::: Supplied entries
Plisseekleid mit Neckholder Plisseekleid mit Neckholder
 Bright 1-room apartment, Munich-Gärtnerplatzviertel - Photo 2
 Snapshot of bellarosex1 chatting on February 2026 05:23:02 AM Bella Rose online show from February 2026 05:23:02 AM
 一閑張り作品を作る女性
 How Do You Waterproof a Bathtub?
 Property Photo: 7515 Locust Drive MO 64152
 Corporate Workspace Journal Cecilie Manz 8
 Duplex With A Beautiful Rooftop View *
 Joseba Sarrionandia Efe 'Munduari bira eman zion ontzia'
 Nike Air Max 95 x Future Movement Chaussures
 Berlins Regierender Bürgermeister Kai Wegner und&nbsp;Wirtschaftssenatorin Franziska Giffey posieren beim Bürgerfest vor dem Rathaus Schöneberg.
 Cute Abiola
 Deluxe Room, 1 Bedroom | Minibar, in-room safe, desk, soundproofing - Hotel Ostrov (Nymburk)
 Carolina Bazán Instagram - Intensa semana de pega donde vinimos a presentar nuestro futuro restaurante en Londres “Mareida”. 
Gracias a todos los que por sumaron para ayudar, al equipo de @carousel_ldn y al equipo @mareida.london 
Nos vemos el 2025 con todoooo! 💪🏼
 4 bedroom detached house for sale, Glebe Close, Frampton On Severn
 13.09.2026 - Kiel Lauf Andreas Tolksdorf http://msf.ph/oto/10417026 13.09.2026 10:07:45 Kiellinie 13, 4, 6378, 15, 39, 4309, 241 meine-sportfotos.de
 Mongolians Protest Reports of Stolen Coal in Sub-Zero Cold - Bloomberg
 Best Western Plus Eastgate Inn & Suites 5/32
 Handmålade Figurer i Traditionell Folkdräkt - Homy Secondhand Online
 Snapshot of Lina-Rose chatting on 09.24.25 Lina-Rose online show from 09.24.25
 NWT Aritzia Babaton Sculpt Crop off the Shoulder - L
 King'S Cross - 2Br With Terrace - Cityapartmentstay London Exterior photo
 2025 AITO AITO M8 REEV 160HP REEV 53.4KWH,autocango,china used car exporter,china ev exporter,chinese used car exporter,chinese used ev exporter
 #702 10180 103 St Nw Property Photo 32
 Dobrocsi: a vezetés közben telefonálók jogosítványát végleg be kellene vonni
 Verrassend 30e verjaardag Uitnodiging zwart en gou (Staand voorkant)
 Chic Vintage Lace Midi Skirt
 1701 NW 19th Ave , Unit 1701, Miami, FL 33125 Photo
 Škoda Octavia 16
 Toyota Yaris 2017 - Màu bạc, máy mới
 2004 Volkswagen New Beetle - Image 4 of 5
::::::
▸ What to produce: Emit only the final stretch of the records: the line containing "Best Western Plus Eastgate Inn & Suites 5/32" through the end, each line exactly as it stands.

▸ Response to this task:
 Best Western Plus Eastgate Inn & Suites 5/32
 Handmålade Figurer i Traditionell Folkdräkt - Homy Secondhand Online
 Snapshot of Lina-Rose chatting on 09.24.25 Lina-Rose online show from 09.24.25
 NWT Aritzia Babaton Sculpt Crop off the Shoulder - L
 King'S Cross - 2Br With Terrace - Cityapartmentstay London Exterior photo
 2025 AITO AITO M8 REEV 160HP REEV 53.4KWH,autocango,china used car exporter,china ev exporter,chinese used car exporter,chinese used ev exporter
 #702 10180 103 St Nw Property Photo 32
 Dobrocsi: a vezetés közben telefonálók jogosítványát végleg be kellene vonni
 Verrassend 30e verjaardag Uitnodiging zwart en gou (Staand voorkant)
 Chic Vintage Lace Midi Skirt
 1701 NW 19th Ave , Unit 1701, Miami, FL 33125 Photo
 Škoda Octavia 16
 Toyota Yaris 2017 - Màu bạc, máy mới
 2004 Volkswagen New Beetle - Image 4 of 5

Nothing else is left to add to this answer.